11) Pursuant to ORS 183.415(7), the ALJ explained the issues involved in the hearing, the matters to be proved or disproved, and the procedures governing the conduct of the hearing. The ALJ also explained most of the procedural matters identified in ORS 183.413(2), all of which had been addressed in the materials received by Respondent prior to hearing.
12) Toward the close of the hearing, Respondent offered as evidence the written statements of two individuals, which were marked R-1 and R-2 for identification. Respondent stated that R-2 was a letter from Connie Jo Bacon that provided essentially the same information that Bacon had given in her testimony. The ALJ excluded the proffered exhibit as unduly repetitious. The ALJ excluded the written statement of Sandra Romero, marked as R-1, because it had not been submitted with a timely case summary, it was not attached to Respondent´s late case summary, and Respondent had not identified Sandra Romero as a potential witness in her February 10, 1998 conversation with case presenter Lohr. The Agency had no notice that Respondent intended to rely on any sort of statement from Romero until it received Respondent´s belated case summary the day before hearing. Respondent did not offer a satisfactory reason for having failed to timely identify Romero either as a witness or as the author of a written statement to be offered into evidence. Furthermore, from the offer of proof, the ALJ concluded that she would not violate her duty to conduct a full and fair inquiry by excluding the proffered exhibit.

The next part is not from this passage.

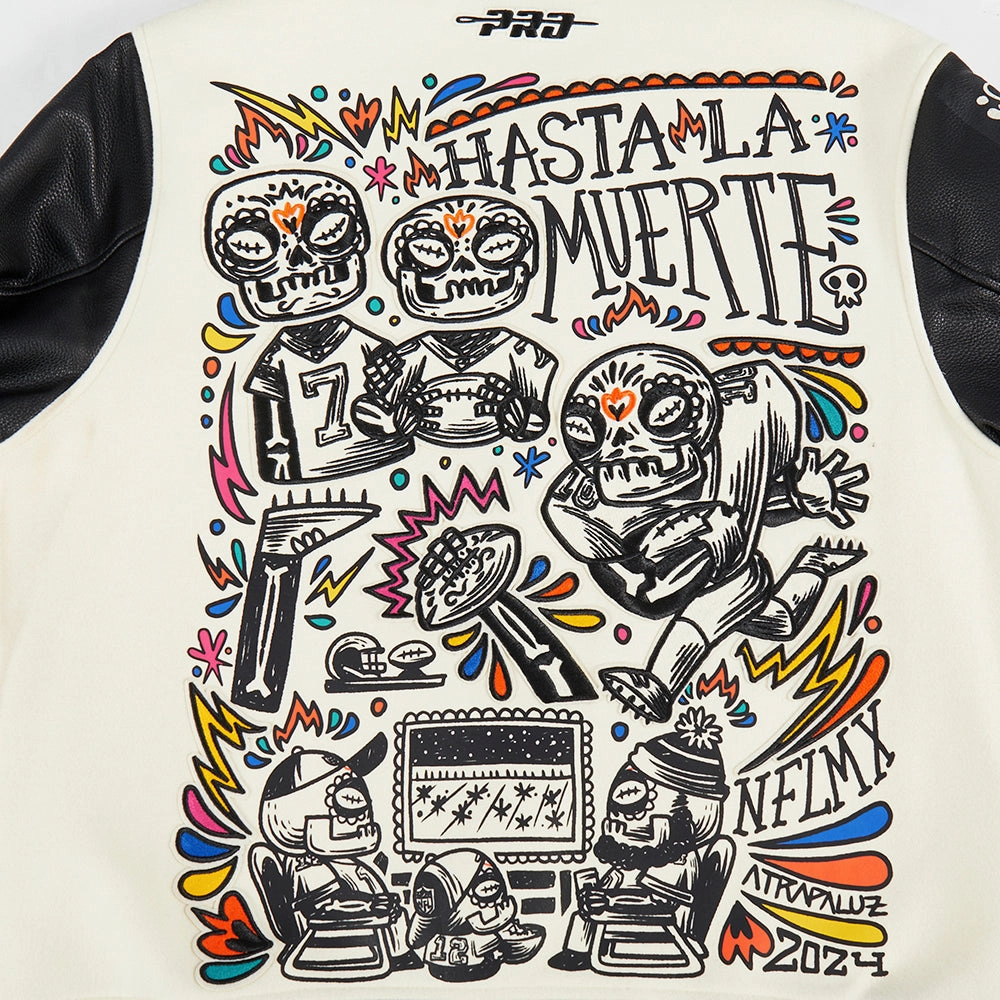 NFL NFL DIA DE MUERTOS MEN'S RIB WOOL VARSITY JACKET (EGGSHELL/ BLACK)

13) After presenting the Agency´s rebuttal case, case presenter Lohr made a verbal closing argument. The ALJ granted Respondent´s request to submit a written closing argument and the forum received that timely filed document on March 2, 1999. The forum gave the Agency the opportunity to file a written rebuttal argument if it wished; the Agency did not submit such a document.
14) On March 25, 1999, the ALJ issued a proposed order that notified the participants that they were entitled to file exceptions to the proposed order within ten days of its issuance. The Hearings Unit received no exceptions.

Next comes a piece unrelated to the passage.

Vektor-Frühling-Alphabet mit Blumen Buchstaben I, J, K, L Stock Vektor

1) During all material times, Respondent, a person, did business as Taqueria El Rey, a sole proprietorship located in Woodburn, Oregon, and employed one or more persons to work at that business. For some time, Respondent´s business operated only out of a trailer; Respondent later opened a restaurant in a permanent building and also continued selling food from the trailer. Both the restaurant and the trailer operated under the name Taqueria El Rey.
2) Beginning in August 1996, Respondent employed Claimant to work as a cook for Taqueria El Rey. Claimant worked every day of the week except Wednesday, the day the business was closed. Claimant worked at least 8 hours per day, and frequently worked overtime. Claimant´s starting hourly wage was $5.50. At some time prior to January 1998, her wage was raised to $6.00 per hour.
3) When Claimant first became Respondent´s employee, she worked in the trailer; she later worked in the restaurant. Respondent´s brother, Salvador Amezola, also worked in the restaurant kitchen during the time Claimant worked there. A woman named Lucero Mendoza worked for Respondent as a waitress and cashier during March and April 1998.
4) Respondent did not create or maintain records of the number of hours Claimant or her other employees worked. Claimant kept a list of the hours she worked and showed that document to Respondent at the end of each two-week pay period. Respondent relied on Claimant´s records to determine the wages she had earned. Respondent paid Claimant in cash and made no deductions.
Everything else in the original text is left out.